How to complete this task → The reply has to contain each record exactly as written.
Information: Begin
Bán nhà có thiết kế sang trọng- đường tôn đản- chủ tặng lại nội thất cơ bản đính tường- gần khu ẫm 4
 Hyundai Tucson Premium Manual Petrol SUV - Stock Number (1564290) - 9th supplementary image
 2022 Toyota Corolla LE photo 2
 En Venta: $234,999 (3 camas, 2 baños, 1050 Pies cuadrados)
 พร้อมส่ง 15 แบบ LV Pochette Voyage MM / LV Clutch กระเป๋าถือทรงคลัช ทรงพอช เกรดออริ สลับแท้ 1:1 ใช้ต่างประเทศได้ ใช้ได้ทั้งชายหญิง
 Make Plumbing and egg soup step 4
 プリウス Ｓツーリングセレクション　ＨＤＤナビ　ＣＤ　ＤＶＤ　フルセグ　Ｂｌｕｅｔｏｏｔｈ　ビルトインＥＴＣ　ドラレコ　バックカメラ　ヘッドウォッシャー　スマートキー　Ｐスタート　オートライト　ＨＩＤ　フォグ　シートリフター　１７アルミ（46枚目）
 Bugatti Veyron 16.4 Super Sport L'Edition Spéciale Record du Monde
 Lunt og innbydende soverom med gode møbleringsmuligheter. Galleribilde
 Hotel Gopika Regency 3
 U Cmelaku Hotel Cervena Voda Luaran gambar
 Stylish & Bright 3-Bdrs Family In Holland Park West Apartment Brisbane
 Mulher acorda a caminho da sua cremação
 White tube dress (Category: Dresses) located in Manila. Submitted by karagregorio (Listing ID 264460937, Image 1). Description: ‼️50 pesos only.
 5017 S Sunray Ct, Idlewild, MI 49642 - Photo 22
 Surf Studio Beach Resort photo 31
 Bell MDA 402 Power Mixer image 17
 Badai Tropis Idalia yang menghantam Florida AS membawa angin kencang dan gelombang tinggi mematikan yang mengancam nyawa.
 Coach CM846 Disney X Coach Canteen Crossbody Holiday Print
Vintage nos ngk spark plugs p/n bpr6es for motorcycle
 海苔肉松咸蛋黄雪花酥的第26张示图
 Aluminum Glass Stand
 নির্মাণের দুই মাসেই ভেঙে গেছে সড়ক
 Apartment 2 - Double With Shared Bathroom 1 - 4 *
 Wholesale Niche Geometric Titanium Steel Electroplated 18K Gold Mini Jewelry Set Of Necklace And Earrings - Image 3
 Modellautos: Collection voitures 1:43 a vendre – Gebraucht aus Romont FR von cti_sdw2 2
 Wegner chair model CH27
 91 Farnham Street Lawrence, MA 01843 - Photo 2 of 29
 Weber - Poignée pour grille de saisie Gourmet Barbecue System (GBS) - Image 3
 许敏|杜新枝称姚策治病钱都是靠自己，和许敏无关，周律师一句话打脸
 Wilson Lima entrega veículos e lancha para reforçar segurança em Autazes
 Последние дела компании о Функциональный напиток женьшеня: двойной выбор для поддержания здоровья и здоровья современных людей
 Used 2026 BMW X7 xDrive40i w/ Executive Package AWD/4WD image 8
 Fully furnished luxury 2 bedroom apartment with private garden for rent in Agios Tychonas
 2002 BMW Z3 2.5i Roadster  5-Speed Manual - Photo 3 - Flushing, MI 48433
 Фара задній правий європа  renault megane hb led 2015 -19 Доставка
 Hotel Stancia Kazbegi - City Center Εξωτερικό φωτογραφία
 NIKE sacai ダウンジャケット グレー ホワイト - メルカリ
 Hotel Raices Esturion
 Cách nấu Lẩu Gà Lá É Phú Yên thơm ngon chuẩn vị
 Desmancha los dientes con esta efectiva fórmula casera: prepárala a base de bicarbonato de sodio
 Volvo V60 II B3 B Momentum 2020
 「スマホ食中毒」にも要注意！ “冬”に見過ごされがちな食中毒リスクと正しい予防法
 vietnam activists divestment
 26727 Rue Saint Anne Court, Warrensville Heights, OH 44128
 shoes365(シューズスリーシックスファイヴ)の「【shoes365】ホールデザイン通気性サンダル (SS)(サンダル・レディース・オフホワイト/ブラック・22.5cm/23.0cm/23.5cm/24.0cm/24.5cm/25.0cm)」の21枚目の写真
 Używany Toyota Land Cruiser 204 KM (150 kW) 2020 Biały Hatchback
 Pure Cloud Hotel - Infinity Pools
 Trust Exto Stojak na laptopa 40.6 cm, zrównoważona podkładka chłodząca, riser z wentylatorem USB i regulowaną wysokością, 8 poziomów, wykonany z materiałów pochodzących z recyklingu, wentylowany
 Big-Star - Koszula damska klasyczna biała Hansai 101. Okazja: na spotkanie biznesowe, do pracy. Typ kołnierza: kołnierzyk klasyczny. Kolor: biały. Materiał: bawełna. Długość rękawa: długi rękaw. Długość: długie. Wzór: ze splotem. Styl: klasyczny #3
Information: End
Answer to this problem →
Bán nhà có thiết kế sang trọng- đường tôn đản- chủ tặng lại nội thất cơ bản đính tường- gần khu ẫm 4
 Hyundai Tucson Premium Manual Petrol SUV - Stock Number (1564290) - 9th supplementary image
 2022 Toyota Corolla LE photo 2
 En Venta: $234,999 (3 camas, 2 baños, 1050 Pies cuadrados)
 พร้อมส่ง 15 แบบ LV Pochette Voyage MM / LV Clutch กระเป๋าถือทรงคลัช ทรงพอช เกรดออริ สลับแท้ 1:1 ใช้ต่างประเทศได้ ใช้ได้ทั้งชายหญิง
 Make Plumbing and egg soup step 4
 プリウス Ｓツーリングセレクション　ＨＤＤナビ　ＣＤ　ＤＶＤ　フルセグ　Ｂｌｕｅｔｏｏｔｈ　ビルトインＥＴＣ　ドラレコ　バックカメラ　ヘッドウォッシャー　スマートキー　Ｐスタート　オートライト　ＨＩＤ　フォグ　シートリフター　１７アルミ（46枚目）
 Bugatti Veyron 16.4 Super Sport L'Edition Spéciale Record du Monde
 Lunt og innbydende soverom med gode møbleringsmuligheter. Galleribilde
 Hotel Gopika Regency 3
 U Cmelaku Hotel Cervena Voda Luaran gambar
 Stylish & Bright 3-Bdrs Family In Holland Park West Apartment Brisbane
 Mulher acorda a caminho da sua cremação
 White tube dress (Category: Dresses) located in Manila. Submitted by karagregorio (Listing ID 264460937, Image 1). Description: ‼️50 pesos only.
 5017 S Sunray Ct, Idlewild, MI 49642 - Photo 22
 Surf Studio Beach Resort photo 31
 Bell MDA 402 Power Mixer image 17
 Badai Tropis Idalia yang menghantam Florida AS membawa angin kencang dan gelombang tinggi mematikan yang mengancam nyawa.
 Coach CM846 Disney X Coach Canteen Crossbody Holiday Print
Vintage nos ngk spark plugs p/n bpr6es for motorcycle
 海苔肉松咸蛋黄雪花酥的第26张示图
 Aluminum Glass Stand
 নির্মাণের দুই মাসেই ভেঙে গেছে সড়ক
 Apartment 2 - Double With Shared Bathroom 1 - 4 *
 Wholesale Niche Geometric Titanium Steel Electroplated 18K Gold Mini Jewelry Set Of Necklace And Earrings - Image 3
 Modellautos: Collection voitures 1:43 a vendre – Gebraucht aus Romont FR von cti_sdw2 2
 Wegner chair model CH27
 91 Farnham Street Lawrence, MA 01843 - Photo 2 of 29
 Weber - Poignée pour grille de saisie Gourmet Barbecue System (GBS) - Image 3
 许敏|杜新枝称姚策治病钱都是靠自己，和许敏无关，周律师一句话打脸
 Wilson Lima entrega veículos e lancha para reforçar segurança em Autazes
 Последние дела компании о Функциональный напиток женьшеня: двойной выбор для поддержания здоровья и здоровья современных людей
 Used 2026 BMW X7 xDrive40i w/ Executive Package AWD/4WD image 8
 Fully furnished luxury 2 bedroom apartment with private garden for rent in Agios Tychonas
 2002 BMW Z3 2.5i Roadster  5-Speed Manual - Photo 3 - Flushing, MI 48433
 Фара задній правий європа  renault megane hb led 2015 -19 Доставка
 Hotel Stancia Kazbegi - City Center Εξωτερικό φωτογραφία
 NIKE sacai ダウンジャケット グレー ホワイト - メルカリ
 Hotel Raices Esturion
 Cách nấu Lẩu Gà Lá É Phú Yên thơm ngon chuẩn vị
 Desmancha los dientes con esta efectiva fórmula casera: prepárala a base de bicarbonato de sodio
 Volvo V60 II B3 B Momentum 2020
 「スマホ食中毒」にも要注意！ “冬”に見過ごされがちな食中毒リスクと正しい予防法
 vietnam activists divestment
 26727 Rue Saint Anne Court, Warrensville Heights, OH 44128
 shoes365(シューズスリーシックスファイヴ)の「【shoes365】ホールデザイン通気性サンダル (SS)(サンダル・レディース・オフホワイト/ブラック・22.5cm/23.0cm/23.5cm/24.0cm/24.5cm/25.0cm)」の21枚目の写真
 Używany Toyota Land Cruiser 204 KM (150 kW) 2020 Biały Hatchback
 Pure Cloud Hotel - Infinity Pools
 Trust Exto Stojak na laptopa 40.6 cm, zrównoważona podkładka chłodząca, riser z wentylatorem USB i regulowaną wysokością, 8 poziomów, wykonany z materiałów pochodzących z recyklingu, wentylowany
 Big-Star - Koszula damska klasyczna biała Hansai 101. Okazja: na spotkanie biznesowe, do pracy. Typ kołnierza: kołnierzyk klasyczny. Kolor: biały. Materiał: bawełna. Długość rękawa: długi rękaw. Długość: długie. Wzór: ze splotem. Styl: klasyczny #3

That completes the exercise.